Add first part of chapter 8

Virtual Memory

==============

**Virtual Memory** loads the program's code and data on demand

- Upon reads, load memory from disk

- When memory is unused, write it to disk

Enablers

- Addresses are logical, not physical

- Runtime address translate (*paging and segmentation*) enable noncontiguous memory

    layouts.

**Implication: A process can successfully run without being fully resident in memory.**

Necessary things:

- next instruction to execute

- next data to be accessed

### How to do it:

1. load some part of the program

2. start executing, til program tries to read or execute something not in RAM

    (page fault).

3. Upon page fault, block the process, read in data, resume the process.

**Resident Set**: portion of process that is in main memory.

### Page Faults

How does the OS know when to load data?: CPU triggers a page fault upon access to

nonresident data/code.

Implications on performance: 

- Lazy loading is often a win; but

- disks load batches of data faster

Functionality win:

- Can juggle more process in memory at once

- A process can exceed system's RAM size

### Comparison

Real memory: backed by RAM chips

Virtual memory: RAM and swap space

Is virtual memory too slow?

Nope, key win of lazy loading: CPU keeps busy, hence less wasted time. Only a small

part of each process is active at a time (we hope)

**Principal of locality: Stufff you need in the future is close to stuff you needed

in the past**

### Requirements for Virtual memory

- Hardware must support paging and segmentation

- OS support for putting pages on disk and reloading them from disk

### Address Translation in a paging system

![Address Translation](res/address_translation.png)

Problem: page tables will still eat all the RAM! (e.g. 4MB of page tables per process

for 4GB RAM)

Solution: Paging page tables: put the page tables in virtual memory. Must keep 

page table entry of the currently-executing page in main memory.

![Two Level hierarchical page table](res/two_level_page_table.png)

![Address Translation in Two-level paging system](res/address_translation_two.png)

### Drawbacks of page table

- Page table size is proportional to the cirtual address space

Alternative: Inverted page table, by using a hash table:  

Inverted = index on frame#, not virtual address. Inverted tables grow with the 

size of physical memory.

![Inverted page table structure](res/inverted_page_table.png)
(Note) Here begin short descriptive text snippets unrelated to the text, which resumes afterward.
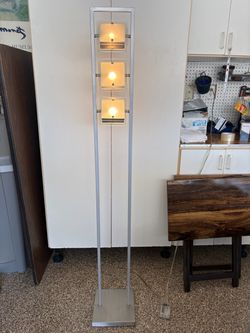 This is a modern metal floor lamp featuring a tall rectangular frame and three stacked, square frosted glass light fixtures.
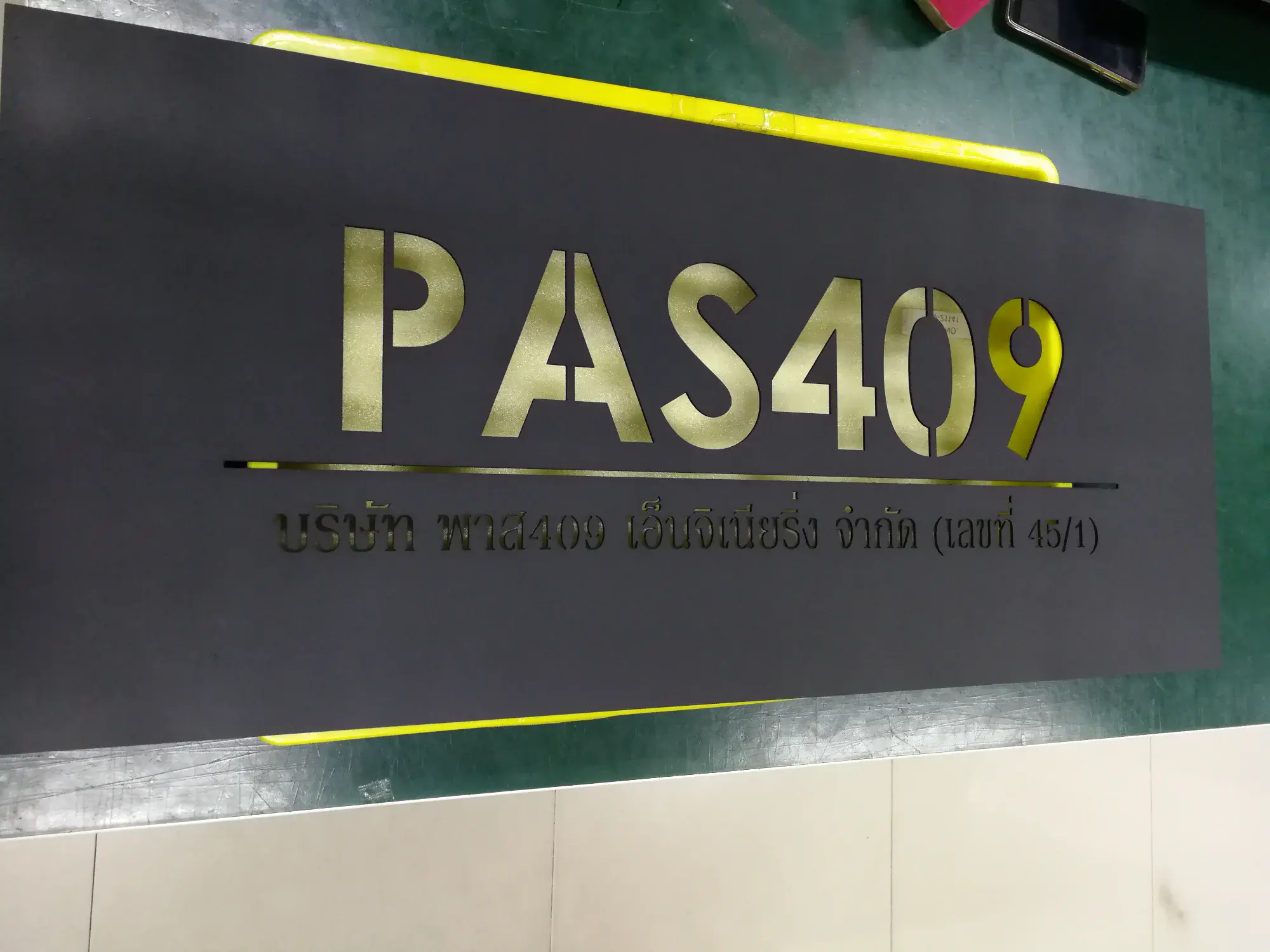 ป้ายสแตนเลสสีทอง PAS409 บริษัท พาส409 เอ็นจิเนียริ่ง จำกัด บนพื้นดำ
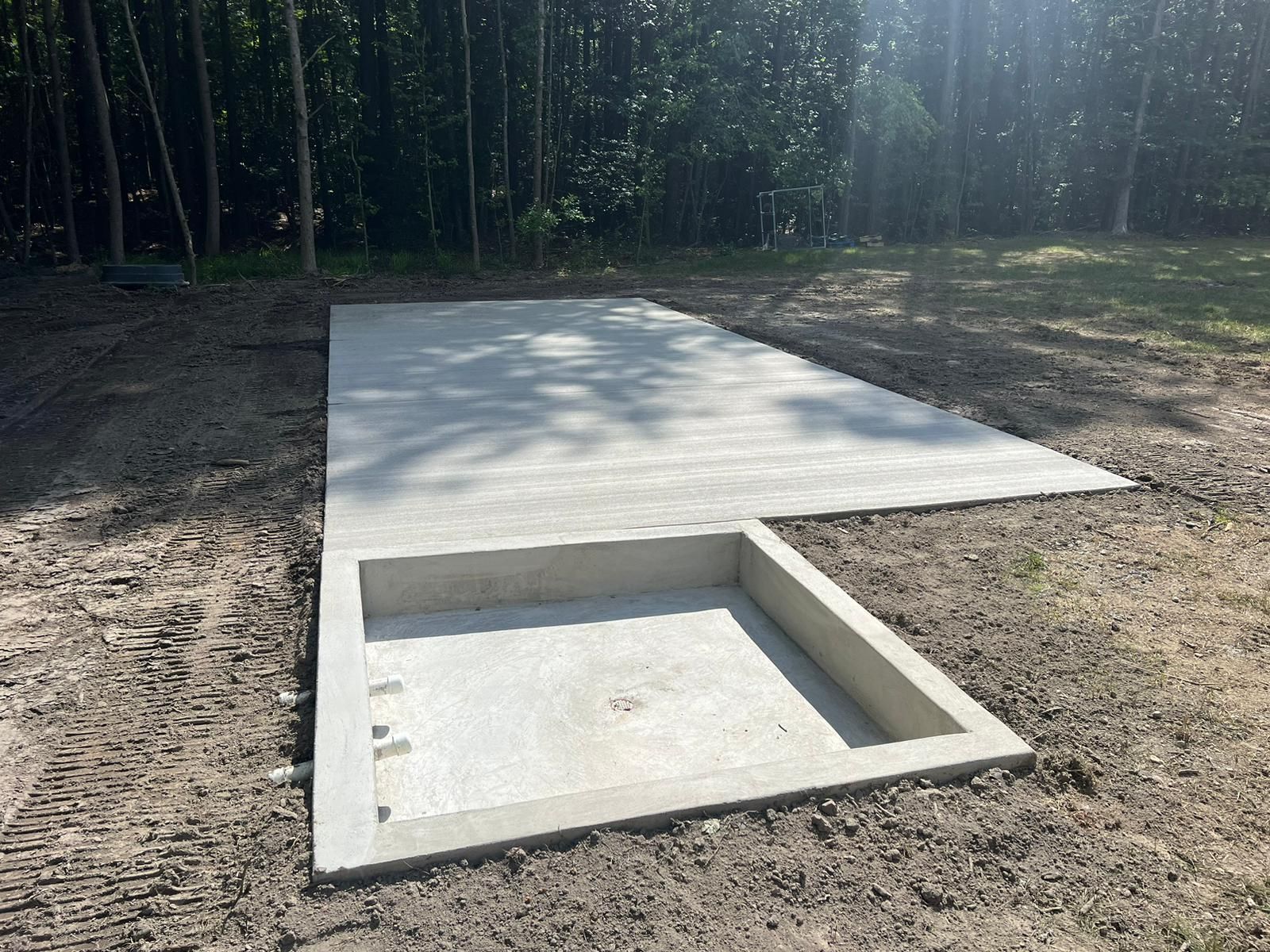 A large concrete slab is sitting in the middle of a dirt field.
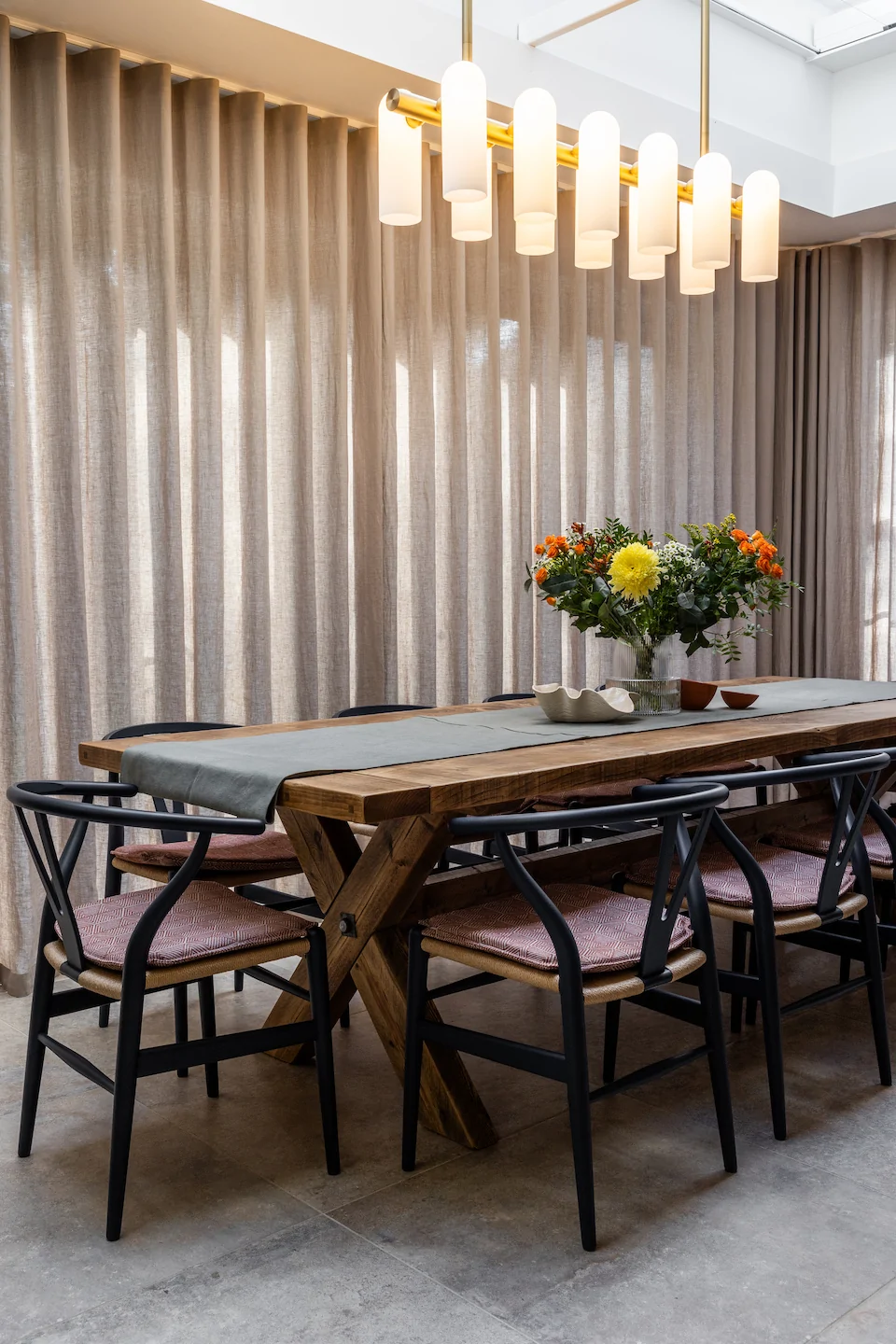 Family Dining Table with wave headed bespoke curtains, reclaimed timber dining table, and wishbone dining chairs with bespoke washable cushion pads.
### Translation Lookaside Buffer

Each virtual memory reference can cause two physical memory accesses

- One to fetch the page table entry

- One to fetch the data

To get rid of the slowness, use **caches!**

![Use of a translation lookaside buffer](res/TLB.png)

![Operation of TLB](res/TLB_operation.png)

### Page Size

**Small**:

- Smaller page size, less amount of internal fragmentation (you can only allocate

    pages)

- Smaller page siez, more pages required per process

- More pages per process means larger page tables

- Larger page tablse means large portion of page tables in virtual memory

**Large**:

- Secondary memory is designed to efficiently transfer large blocks of data so a

    large page size is better (Disk produces streams)